Excerpts from a dataset

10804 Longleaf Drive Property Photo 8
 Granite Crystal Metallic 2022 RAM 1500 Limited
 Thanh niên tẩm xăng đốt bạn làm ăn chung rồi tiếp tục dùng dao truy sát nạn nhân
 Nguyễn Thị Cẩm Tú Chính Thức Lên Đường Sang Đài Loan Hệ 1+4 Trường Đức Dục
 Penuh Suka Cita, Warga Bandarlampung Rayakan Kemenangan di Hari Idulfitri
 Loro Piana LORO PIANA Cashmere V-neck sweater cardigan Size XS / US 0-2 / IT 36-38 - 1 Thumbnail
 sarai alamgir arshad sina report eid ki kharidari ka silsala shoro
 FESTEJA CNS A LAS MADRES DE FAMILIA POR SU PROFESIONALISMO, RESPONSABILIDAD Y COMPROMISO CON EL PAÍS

**Problem details:**
Go through the entries above and restate each one exactly.

**Written answer:**
10804 Longleaf Drive Property Photo 8
 Granite Crystal Metallic 2022 RAM 1500 Limited
 Thanh niên tẩm xăng đốt bạn làm ăn chung rồi tiếp tục dùng dao truy sát nạn nhân
 Nguyễn Thị Cẩm Tú Chính Thức Lên Đường Sang Đài Loan Hệ 1+4 Trường Đức Dục
 Penuh Suka Cita, Warga Bandarlampung Rayakan Kemenangan di Hari Idulfitri
 Loro Piana LORO PIANA Cashmere V-neck sweater cardigan Size XS / US 0-2 / IT 36-38 - 1 Thumbnail
 sarai alamgir arshad sina report eid ki kharidari ka silsala shoro
 FESTEJA CNS A LAS MADRES DE FAMILIA POR SU PROFESIONALISMO, RESPONSABILIDAD Y COMPROMISO CON EL PAÍS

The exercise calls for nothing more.